Thus in addition to cost, part of the attractiveness of Indian labor to corporations is its willingness to 'work hard'.
Software developers who visited their US parent office for training said that American employees generally stick to a nine-to-five schedule.
They, on the other hand, frequently have to stay into the evening to attend conference calls with 'on-site' personnel. They then stay on to fix software glitches, which leads to 'more than eight hours of working a day'.
As an employee who has made frequent visits to the New York office remarked, "People tend to work more here. We work later hours. We accelerate the pace in the evening."
A manager in the US office says that the extended hours were unintentional: They simply were not mindful of the time in India.
"We have a big clock now that's set to Chennai time on the wall.
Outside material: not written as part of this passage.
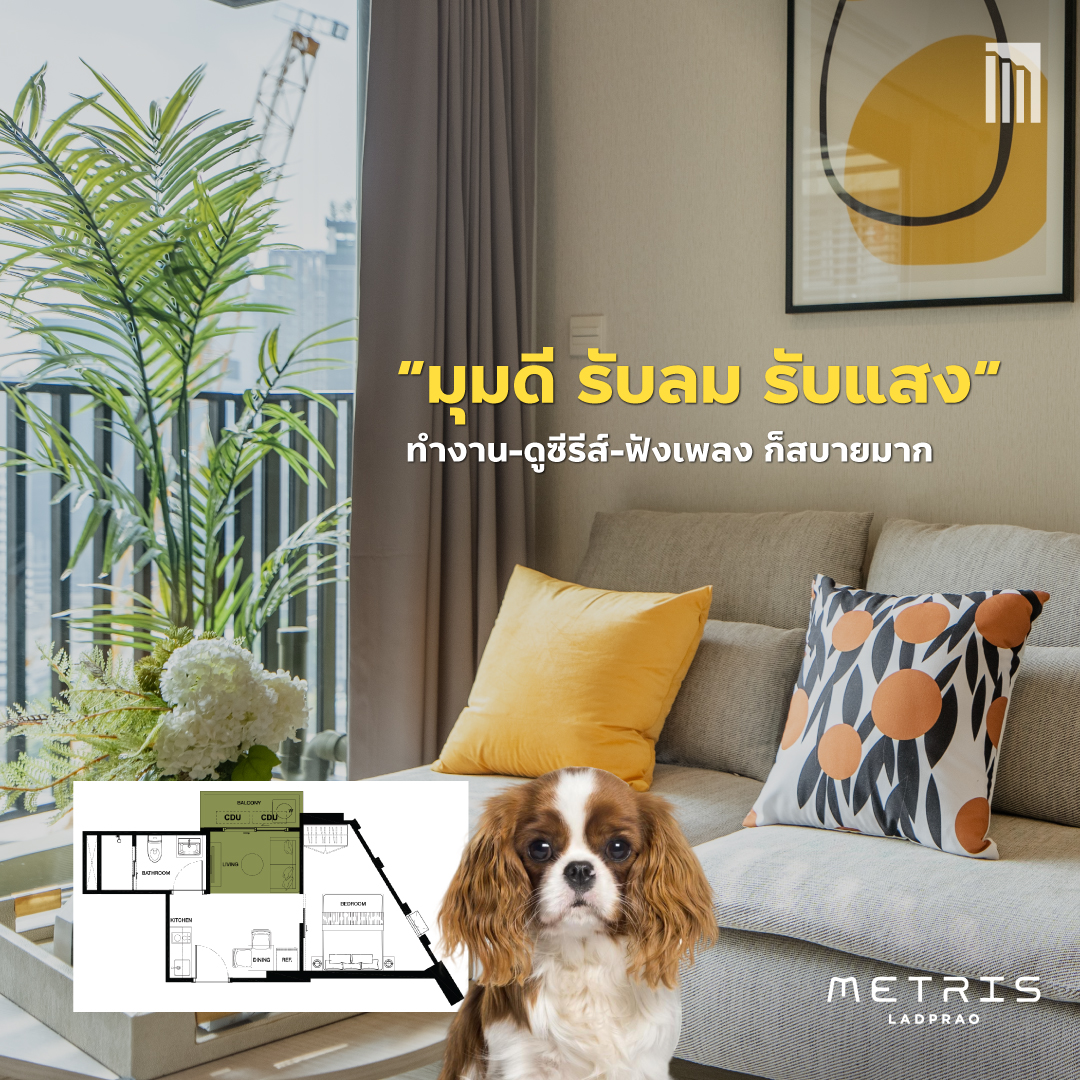 230118_LP_เปิดห้องลับ-ฉบับพิเศษ_P6.jpg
It's not that big, perhaps it should be bigger, but we are much better about it now," he says.
In the US, people are better at meeting deadlines
Dead Ringers: How Outsourcing Is Changing the Way Indians Understand Themselves. Inset: Nadeem
A BPO worker who previously worked at Reuters's offshore office in Bangalore says that in the United States people are better at meeting deadlines.
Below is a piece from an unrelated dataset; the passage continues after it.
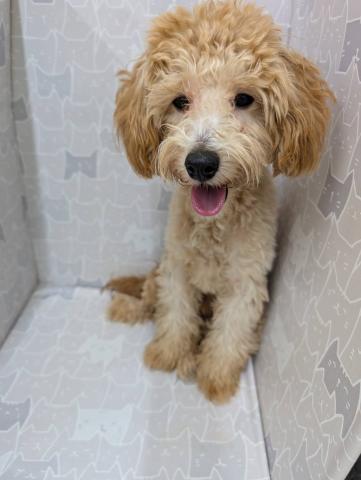 富山県のハーフ犬・ミックス犬 (ペットアミ宮野店/2025年2月12日生まれ/男の子/アプリコット)の子犬の2枚目の画像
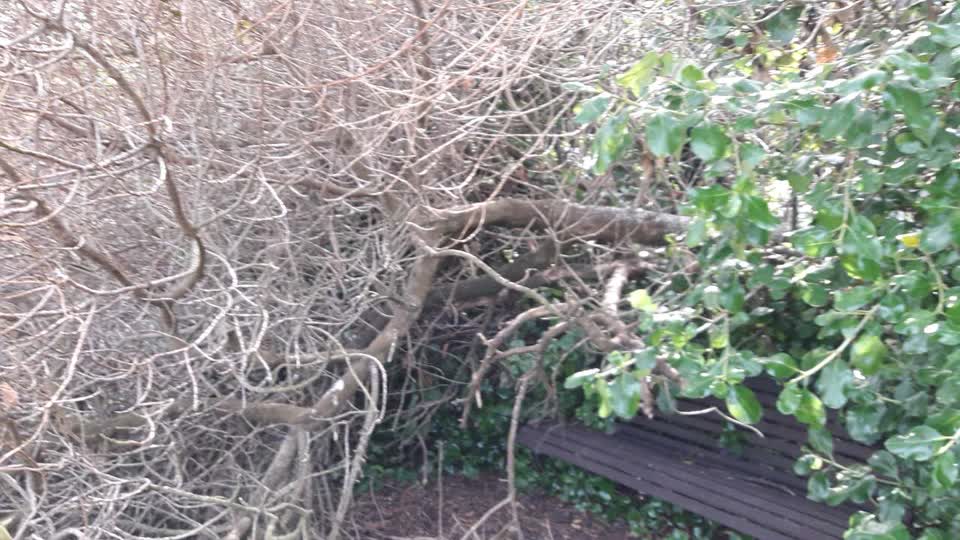 The photograph attached to this parks report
Indians, by contrast, "are not all that cool with it. We work longer hours to meet their timelines. We're having to raise the working level."
She adds that her parents are not very comfortable with her working late.
Commutes to suburban work-sites can take up to two hours in company vans and taxis --as workers are picked and dropped in groups -- which can extend the "work day" considerably.
Says one call center worker of his nightly commute: "It's sightseeing in Bangalore. They should provide a greater number of cabs, but they think to cut costs first. Service is not up to the mark. They put all of Bangalore in one cab."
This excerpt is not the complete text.